Il 5 febbraio è la “Giornata Nazionale di Prevenzione dello Spreco Alimentare”. Fabio Iraldo, docente di Management della Sostenibilità della Scuola Superiore Sant’Anna di Pisa, ha guidato un’indagine fra i produttori di alimenti “made in Italy” ed è emerso che nel 2021, anche a causa dei lockdown, per il 35% di essi vi è stato un aumento di spreco alimentare.
I settori dei prodotti freschi e delle bevande sono risultati i più colpiti dall’aumento dello spreco, ma anche quelli caseari e della panificazione. Dai dati pubblicati a ottobre 2021 dalla Commissione Europea – Joint Research Center, risulta che ogni anno in Italia si sprecano 270 milioni di tonnellate di cibo. Il Food Waste Index 2021 delle Nazioni Unite ha quantificato in circa 1 miliardo di tonnellate il cibo che ogni anno è sprecato nel mondo.
Lo spreco è una delle forme più evidenti di diseguaglianze, tanto più che – secondo dati Onu – se nel 2019 le persone denutrite erano 690 milioni, nel 2020 sono aumentate di 132 milioni.
Le implicazioni dello spreco alimentare non sono solo di tipo etico, ma anche ambientali: «Secondo i dati Unep 2021 – spiega Iraldo -, l’8-10% delle emissioni globali di gas serra è associato al cibo che non viene consumato. Si calcola che nel mondo la produzione e il consumo degli alimenti sia responsabile di oltre il 35% dell’impatto ambientale complessivo, quasi doppio rispetto ai trasporti. Non è un caso dunque che il problema sia in cima alle agende delle politiche ambientali quando si parla anche di utilizzo di risorse idriche, di consumo del suolo e di depauperamento delle risorse energetiche non rinnovabili».
La filiera dello spreco
«Dalle nostre ricerche, confermate anche da altri studi internazionali, emerge che in ambito domestico si spreca il 10-15% di quanto acquistato, mentre il settore della ristorazione e quello del commercio sprecano rispettivamente il 5% e il 2%. A livello globale, ogni persona getta 121 chili di cibo all’anno, 74 solo in casa. In Italia, sommando la tavola di famiglia e del ristorante, il 68% dei rifiuti alimentari è generato dai consumatori, contro un 32% della filiera produttiva. Questa stima è in linea con quanto avviene anche negli altri 27 Paesi europei» precisa Iraldo.
Le principali cause
Le principali cause dello spreco vanno ricercate nel modo in cui facciamo la spesa, nella preparazione dei pasti, nel comportamento a tavola e nella gestione delle eccedenze, sia a casa che fuori casa.

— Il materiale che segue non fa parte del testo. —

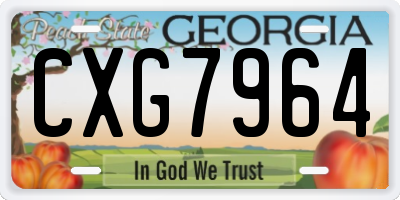 GA license plate CXG7964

«La cultura gastronomica italiana in questo non ci favorisce: ci sono poche porzioni ridotte nei menù dei ristoranti, poca rilavorazione degli avanzi nelle ricette, poca diffusione della cosiddetta doggy bag (letteralmente “la vaschetta per il cane”, ossia il cibo avanzato che ti puoi portare a casa, ndr).
Inoltre, sulla gestione e donazione delle eccedenze alimentari servirebbero linee guida più semplici. Un peccato perché per ogni chilo di carne non sprecato, ad esempio, si potrebbero ridurre le emissioni di CO₂ di più di 10 kg» conclude il professore.